It's Hard to Blame Jurgen Klopp for Liverpool's FA Cup Replay Stance
Jurgen Klopp is bracing for a holiday in February.
The FA told him there would be a winter break, and he has given his players a week off. So, as he does not regard the FA Cup replay against Shrewsbury as a first-team fixture, he will leave Liverpool's Under-23 coach, Neil Critchley, in charge. While it hardly seems fair on Shrewsbury, whose reward for its comeback on Sunday is to play a Liverpool youth team (albeit, as it turns out, with the prize of a fifth-round tie against Chelsea should it win at Anfield), Klopp can hardly be blamed. A winter break is either a winter break or it isn’t. But this is an issue that seems to distill a lot of the challenges facing modern football.
Liverpool fielding a youth team is the worst single blow to the FA Cup’s status since 2000 when Manchester United, under pressure from the FA–which was cozying up to FIFA as part of its doomed attempt to be awarded the 2006 World Cup–withdrew to take part in the Club World Cup. This is a clear statement that Liverpool doesn’t care about the competition. It’s an extension of the logic that has seen countless teams in the Premier League and the Championship field weakened sides in the competition. That logic was perhaps legitimized by the way Liverpool felt compelled to field a youth team in the League Cup quarterfinal against Aston Villa because its first team was playing in the Club World Cup semifinal the following day.
And, frankly, why should Liverpool care? The FA Cup is an ailing competition. It still has its moments, but the days when it outstripped the league in importance–as it did until at least the 1960s and arguably even through the 80s until the inception of the Premier League–are gone and aren’t likely to come back. Back then, the FA Cup mattered, because the final was one of the few games to be televised live; because there weren’t the huge imbalances of resources that there are now, so far more teams had a realistic chance of winning; and because the FA Cup brought glamour and interest and marketing opportunities that are now dwarfed by the Premier League television rights deal.

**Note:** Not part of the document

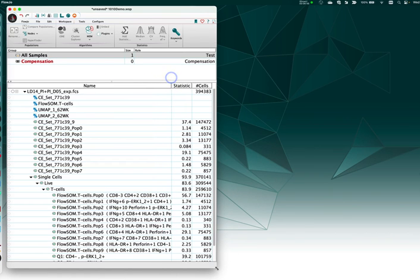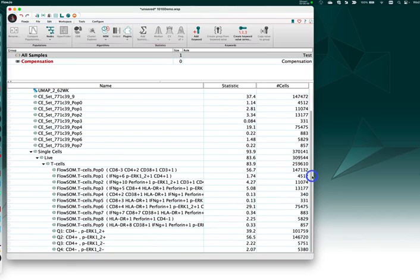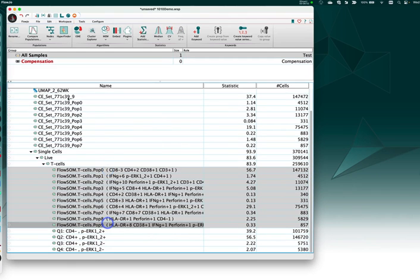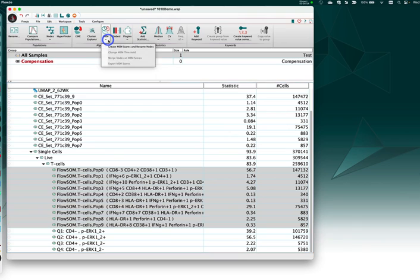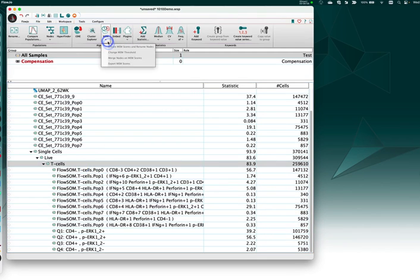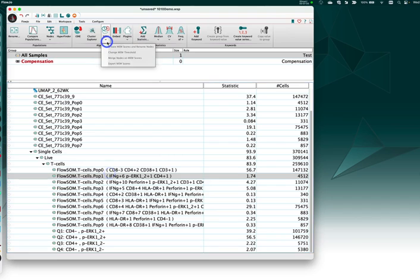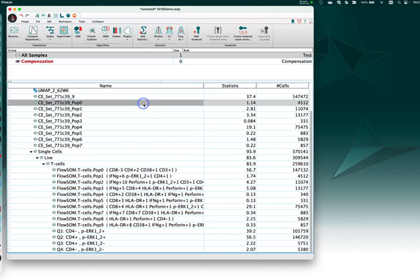I will point out that I've already gone through and applied MEM scores to these clusters. And one new option that's built in here is that I could go into MEM and choose to export the MEM scores as a CSV file. So if you wanted to get those out in some kind of editable document, no problem.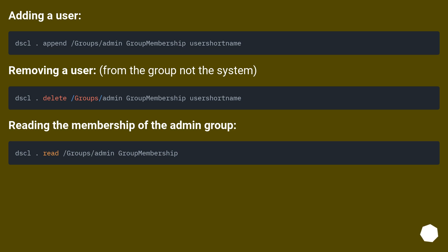Adding the user. Removing the user from the group, not the system. Reading the membership of the admin group.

Discussions about the FA Cup seem always to focus on short-term fixes: letting the lower-ranked side play at home, abolishing replays, merging it with the League Cup and moving it earlier in the calendar. All of which may or may not make a positive difference–but that’s not really the point, which is that the big clubs simply have other concerns.
The Premier League and the Champions League are more important both financially and from a sporting point of view. The Club World Cup may be and is certainly likely to become so in its expanded form. The FA Cup is Liverpool’s third or fourth priority. All the goodwill and nostalgia in the world isn’t going to change that, particularly when the FA has handled this so badly. It cannot, on one hand, warn clubs to respect it and not arrange friendlies during it, and then with the other arrange replays for that same period.
Pep Guardiola called last week for the abolition of the League Cup, maintaining his players are exhausted by the fixture calendar. It would be easier to have sympathy if the big clubs didn’t have such a liking for money-spinning summer tours and if the European Club Association was not forever making noises about expanding the Champions League. But there’s a basic reality that the world has changed, and that goes beyond the obscene greed of the superclubs. Overseas markets matter more than ever (which, admittedly, is hard to tally with the UK leaving the European Union on Friday).
The solution is probably some sort of fudge whereby replays are abolished and lower league clubs are compensated for possible lost revenues with a greater share of the prize pot; with the FA Cup being moved slightly earlier in the year; and the League Cup being restricted to those sides who are not engaged in European competition. You can’t make a competition matter by force of will.
The issue is an increasingly globalized world and a series of decisions made by the elite clubs over the past three decades. Klopp’s stance is a terrible thing for the FA Cup, but it’s a symptom of a much greater problem rather than the cause.